Le pape des « périphéries », ennemi de la finance toute-puissante et idole des Latinos, se rend pour la première fois aux Etats-Unis, où de nombreux conservateurs se demandent s’il n’est pas aussi anti-américain.

Les prises de position du premier pape latino-américain contre un système économique injuste, son encyclique appelant à une révolution écologique, à la décroissance et à la fin du gaspillage, ses attaques contre l’idolâtrie de l’argent-roi sont restées en travers de la gorge des ultra-libéraux. De Wall Street au Tea Party, beaucoup le soupçonnent d’être un « marxiste » camouflé. Mais même si Jorge Bergoglio, qui n’a encore jamais posé le pied aux Etats-Unis, considère que la première puissance mondiale a une responsabilité accrue en raison de son statut, il n’en est pas pour autant anti-américain. Dans ses écrits, il n’a d’ailleurs que peu mentionné les Etats-Unis, notent ses biographes comme le Britannique Austen Ivereigh. Depuis son élection en 2013, le pape François a surtout visité de petits pays, préférant aux grandes puissances les « périphéries », du Sri Lanka en Asie à l’Albanie en Europe, ou encore la Bolivie en Amérique Latine. Interrogé en juillet sur les critiques américaines contre lui — un présentateur télévisé américain l’avait alors qualifié d' »homme le plus dangereux de la planète » — François avait promis de les « étudier » dans le calme. Et il a longuement travaillé à ses discours pendant l’été.

‘L’anti-Donald Trump’

Plus qu’avec l’Amérique, dont il exaltera à Philadelphie le rôle pionnier pour les libertés, c’est avec une certaine droite américaine ultralibérale, xénophobe et souvent religieuse, très remontée contre lui, qu’il devrait en découdre. « Le pape contre Donald: l’anti-Donald Trump arrive chez nous. Et il parle espagnol aussi », ironise ainsi un éditorial du journal américain Politico, alors que le candidat à l’investiture républicaine pour la présidentielle de 2017 s’est distingué par ses attaques contre les immigrés hispaniques. Selon le vaticaniste italien Iacopo Scaramuzzi, le pape sera ferme mais pas agressif: « Il ne manquera pas de répéter les concepts exposés dans son encyclique qui lui ont valu des hostilités de candidats à la présidence et des milieux économiques ». « Mais il sera aussi à l’écoute de la culture nord-américaine, parce qu’il en est l’invité, et aussi parce que, sur des questions comme les migrations, l’urgence écologique et les discriminations raciales, il est en syntonie avec de nombreuses réalités ecclésiales américaines », ajoute-t-il. Jorge Bergoglio a ainsi déjà fait l’éloge du « travail grandiose » des religieuses catholiques américaines en faveur des immigrés. Premier pape à s’adresser au Congrès, « il a volontiers accepté l’invitation parce qu’il a ainsi l’occasion de parler à tout le peuple américain à travers ses représentants », a expliqué son porte-parole. Cette volonté de ne pas se contenter des contacts avec l’establishment est perceptible dans le programme: sans-logis, immigrés, prisonniers et jeunes sont prioritaires.

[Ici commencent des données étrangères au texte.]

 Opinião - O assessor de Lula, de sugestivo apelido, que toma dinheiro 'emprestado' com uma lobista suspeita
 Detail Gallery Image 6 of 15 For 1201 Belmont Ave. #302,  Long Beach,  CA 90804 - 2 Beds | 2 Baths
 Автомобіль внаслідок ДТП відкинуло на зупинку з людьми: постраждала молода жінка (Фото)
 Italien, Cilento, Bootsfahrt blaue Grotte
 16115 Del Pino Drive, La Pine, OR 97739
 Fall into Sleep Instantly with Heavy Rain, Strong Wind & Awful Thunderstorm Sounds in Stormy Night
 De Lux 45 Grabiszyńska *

‘Petite caste de super-riches’

« Le pape, affirme Marco Politi, vaticaniste et biographe de François, ne vient pas attaquer le capitalisme des Etats-Unis. Comme les autres pontifes, il entend rappeler la superpuissance à ses responsabilités. François veut que l’Amérique réfléchisse au fossé croissant entre des milliards de pauvres et une petite caste de super-riches ».

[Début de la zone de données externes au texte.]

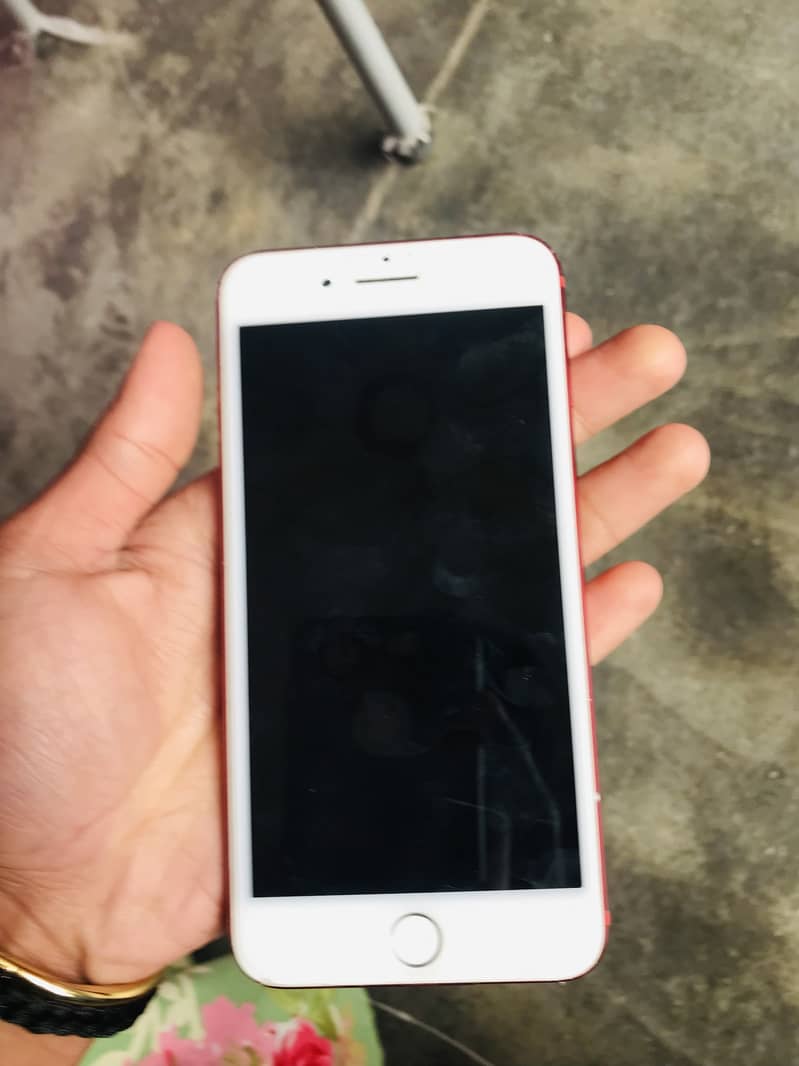 Apple iPhone 7 Plus 6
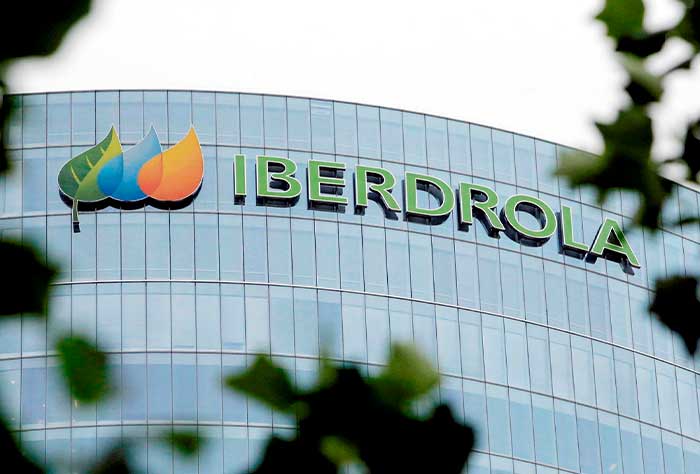 Obrador compra trece plantas de energía eléctrica de Iberdrola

Il fait partie de ces prélats latino-américains pour qui les Etats-Unis sont un peu « perçus comme la cause et la solution des problèmes », relève le vaticaniste américain John Allen. « Il ressent un sentiment ambivalent comme beaucoup d’évêques latino-américains. C’est un mélange de terreur face à la puissance économique et militaire et de respect pour la générosité des Américains dans les périodes difficiles. A cela s’ajoute l’histoire en ombres et lumières des Etats-Unis en Amérique Latine », note John Allen. Selon Andrea Tornielli, un autre vaticaniste réputé, François « n’est pas anti-américain ». « Ce qu’il dit sur l’économie qui tue fait partie de la doctrine sociale de l’Eglise. Une doctrine oubliée de ceux qui –aussi dans les milieux catholiques– exaltent le système actuel comme le meilleur des mondes possibles ».